(Beginning of DATA)
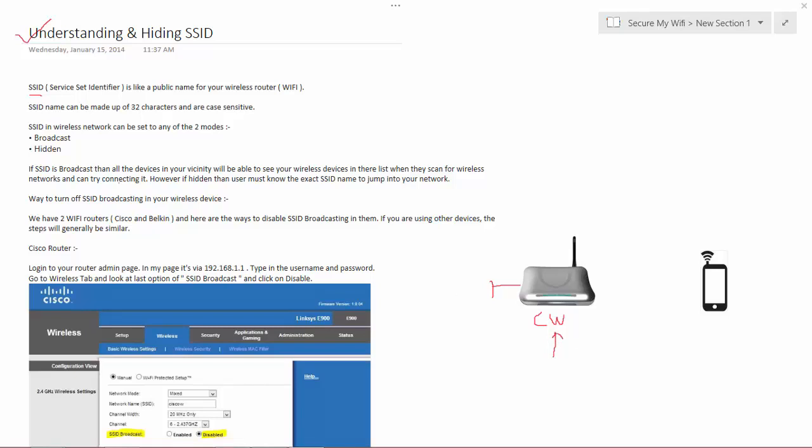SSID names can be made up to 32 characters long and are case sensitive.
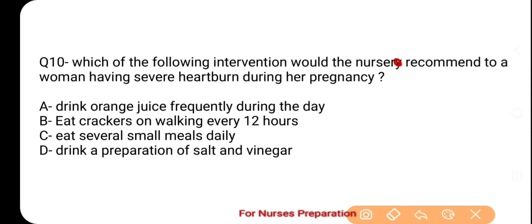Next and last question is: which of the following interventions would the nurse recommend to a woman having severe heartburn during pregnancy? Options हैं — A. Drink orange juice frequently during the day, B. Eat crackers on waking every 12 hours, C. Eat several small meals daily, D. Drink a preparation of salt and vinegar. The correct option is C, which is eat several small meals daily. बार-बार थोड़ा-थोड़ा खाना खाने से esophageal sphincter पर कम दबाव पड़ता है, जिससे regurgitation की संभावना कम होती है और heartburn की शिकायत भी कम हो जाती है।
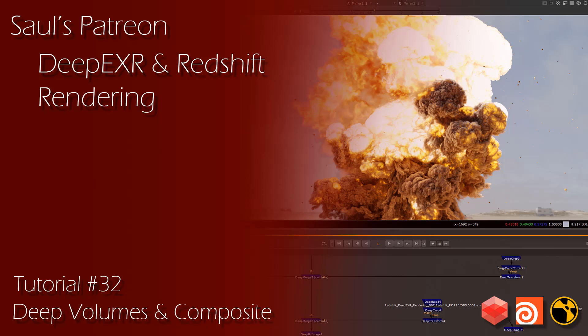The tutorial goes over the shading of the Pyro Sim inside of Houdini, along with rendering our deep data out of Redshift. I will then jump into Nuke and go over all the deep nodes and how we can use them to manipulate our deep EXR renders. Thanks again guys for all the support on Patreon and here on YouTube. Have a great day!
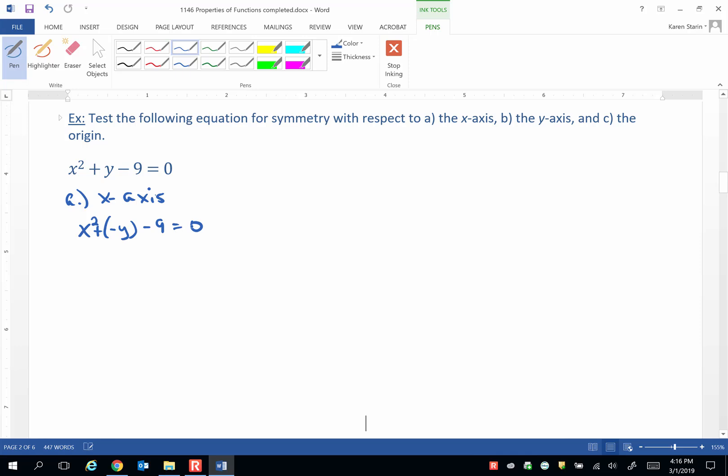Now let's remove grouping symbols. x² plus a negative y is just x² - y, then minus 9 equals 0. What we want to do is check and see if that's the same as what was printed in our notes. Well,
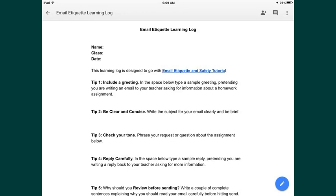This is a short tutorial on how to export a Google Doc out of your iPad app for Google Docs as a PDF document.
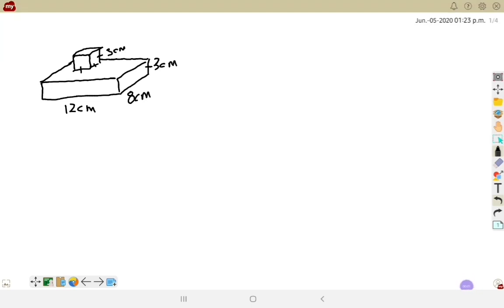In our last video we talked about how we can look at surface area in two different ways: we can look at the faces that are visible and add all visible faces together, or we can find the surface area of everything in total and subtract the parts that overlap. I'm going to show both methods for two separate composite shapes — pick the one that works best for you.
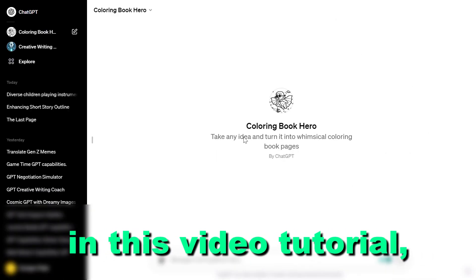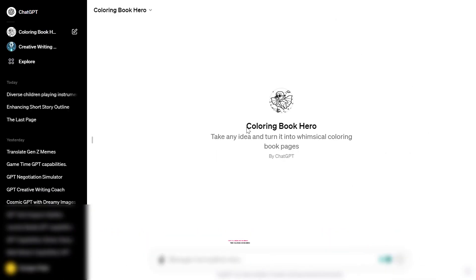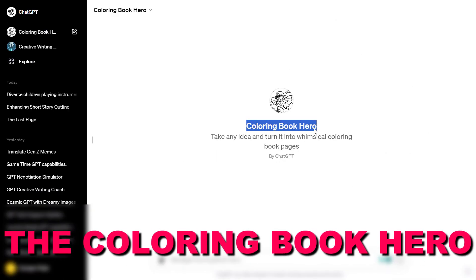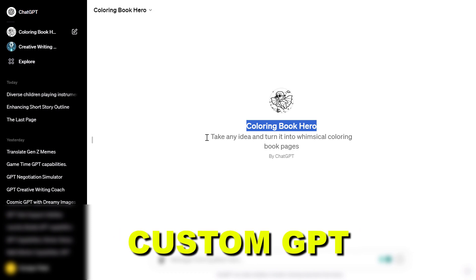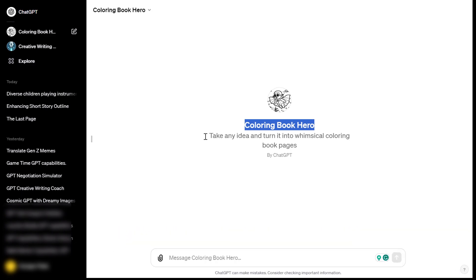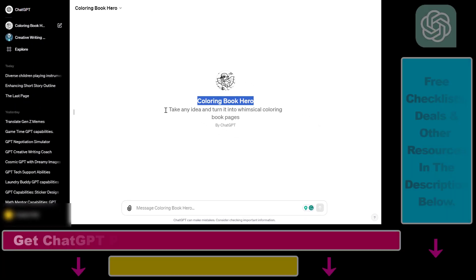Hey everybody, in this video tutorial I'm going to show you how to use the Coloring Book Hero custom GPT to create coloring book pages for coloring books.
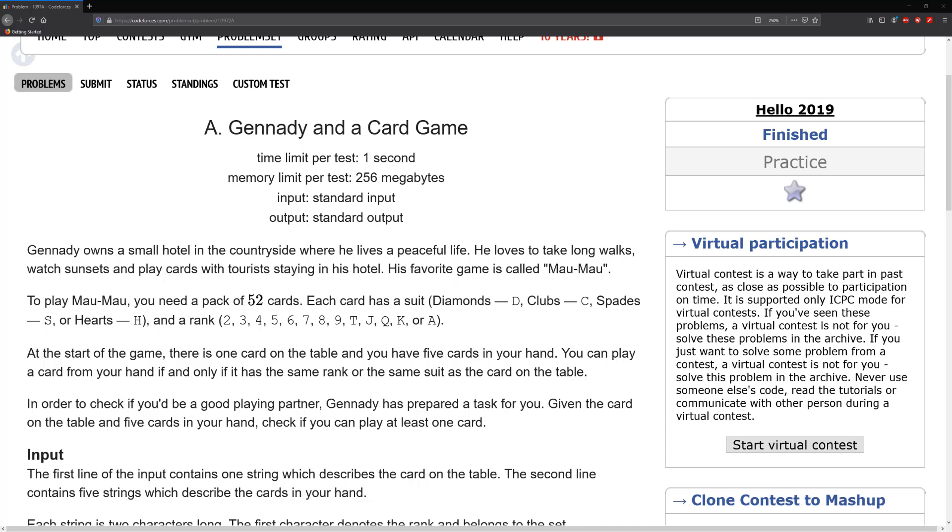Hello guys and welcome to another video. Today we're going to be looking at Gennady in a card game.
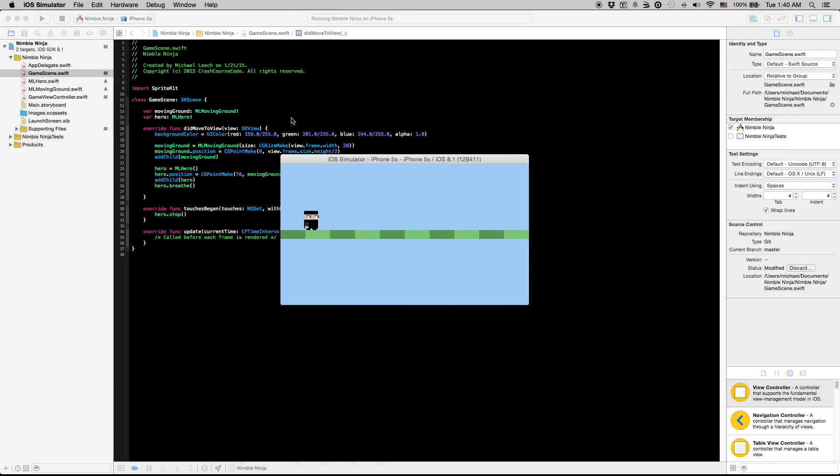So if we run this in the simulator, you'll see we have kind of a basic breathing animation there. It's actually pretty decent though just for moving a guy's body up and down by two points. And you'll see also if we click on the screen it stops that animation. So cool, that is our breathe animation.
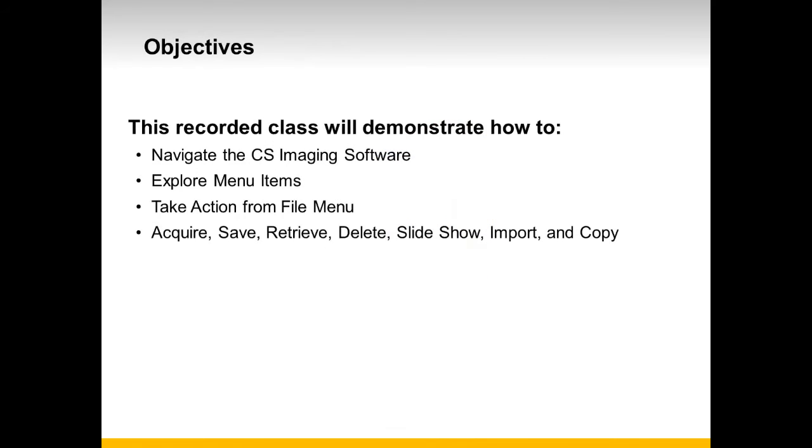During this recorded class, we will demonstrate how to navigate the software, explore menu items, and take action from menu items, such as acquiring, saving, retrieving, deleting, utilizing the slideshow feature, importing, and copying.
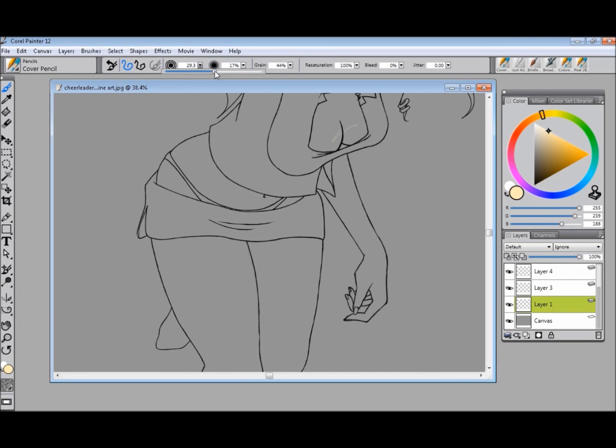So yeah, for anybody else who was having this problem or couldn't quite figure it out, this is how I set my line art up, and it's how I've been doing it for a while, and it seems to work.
(End of DATA)
▶ **WHAT THE TASK REQUIRES**
Could you write out, word for word, the lines from the one containing "The tutorial goes" through the last line of the records, leaving out the pictures?

▶ **RESPONSE BOX**
The tutorial goes over the shading of the Pyro Sim inside of Houdini, along with rendering our deep data out of Redshift. I will then jump into Nuke and go over all the deep nodes and how we can use them to manipulate our deep EXR renders. Thanks again guys for all the support on Patreon and here on YouTube. Have a great day!
Now let's remove grouping symbols. x² plus a negative y is just x² - y, then minus 9 equals 0. What we want to do is check and see if that's the same as what was printed in our notes. Well,
This is a short tutorial on how to export a Google Doc out of your iPad app for Google Docs as a PDF document.
In our last video we talked about how we can look at surface area in two different ways: we can look at the faces that are visible and add all visible faces together, or we can find the surface area of everything in total and subtract the parts that overlap. I'm going to show both methods for two separate composite shapes — pick the one that works best for you.
Hey everybody, in this video tutorial I'm going to show you how to use the Coloring Book Hero custom GPT to create coloring book pages for coloring books.
Hello guys and welcome to another video. Today we're going to be looking at Gennady in a card game.
So if we run this in the simulator, you'll see we have kind of a basic breathing animation there. It's actually pretty decent though just for moving a guy's body up and down by two points. And you'll see also if we click on the screen it stops that animation. So cool, that is our breathe animation.
During this recorded class, we will demonstrate how to navigate the software, explore menu items, and take action from menu items, such as acquiring, saving, retrieving, deleting, utilizing the slideshow feature, importing, and copying.
So yeah, for anybody else who was having this problem or couldn't quite figure it out, this is how I set my line art up, and it's how I've been doing it for a while, and it seems to work.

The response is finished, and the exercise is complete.